Still, the Ferguson to Geneva delegation believes its mission was accomplished.
“We decided and understood that [the Ferguson movement] had to be bigger than the city or local area, bigger than the state, even bigger than the nation,” Thompson says. “The United States has done an exceptional job of presenting this picture of democracy. In Geneva, the people you talk to who ask you what you’re doing in Geneva—the people in the United Nations, the cab drivers, the people working in restaurants—you tell them about what’s going on in Ferguson and they can’t believe it.”
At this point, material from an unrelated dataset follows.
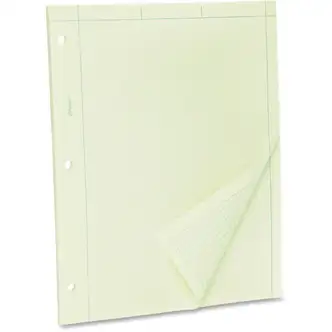 TOPS Engineering Computation Pad - 100 Sheets - Both Side Ruling Surface - Ruled Margin - 15 lb Basis Weight - Letter - 8 1/2" x 11" - Green Tint Paper - Hole-punched - 1 / Pad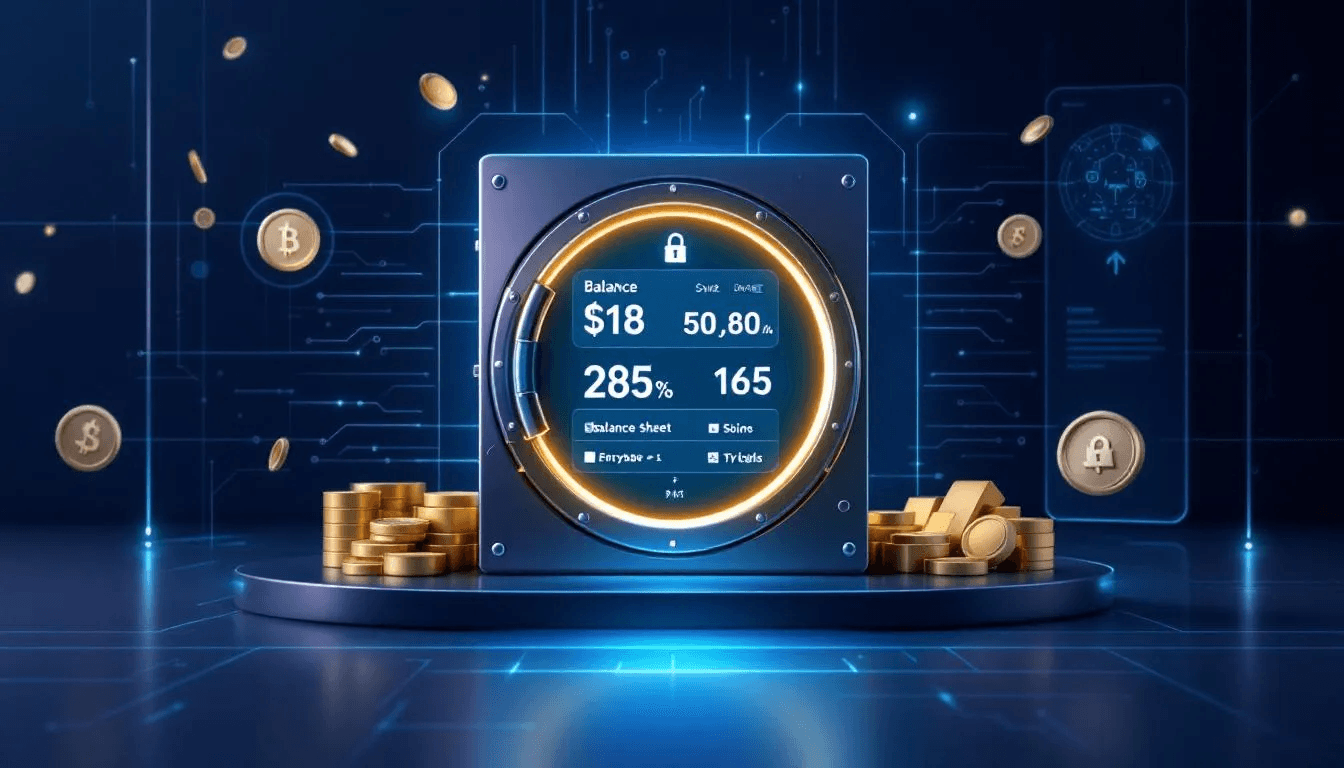 The image depicts a digital safe or vault, symbolizing the concept of wealth protection and the storage of value in the cryptocurrency market. It highlights the importance of securing digital assets like bitcoin and emphasizes the role of blockchain technology in ensuring safe cryptocurrency transactions.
Hansford believes that monetary penalties and other punitive laws will produce faster results in ending excessive force and brutality across police departments. He also sees international effort as key to ending racial discrimination, pointing to the global movement to end South African apartheid as an example.
“Malcolm X was talking about and dreaming of taking the United States to the United Nations,” he says. “I feel like we made a positive step. [The Committee] even went above and beyond what we were saying; one of the members said, ‘It looks like [Ferguson is] in the middle of a civil war.’”
Jagannath also recalls several similar moments, such as one member’s comment that there had been “a degradation” in law enforcement’s behavior, and another’s observation that people of color, particularly young people, are not treated equally under the law in the U.S.
“We should keep pushing [police brutality and racial profiling] as a human rights issue because it promotes solidarity,” she says. “In the United States the discourse is mostly around civil rights, but when we do that we prevent our ability to connect with people abroad. That would be a really powerful discourse, and I think that’s the future of our movement.”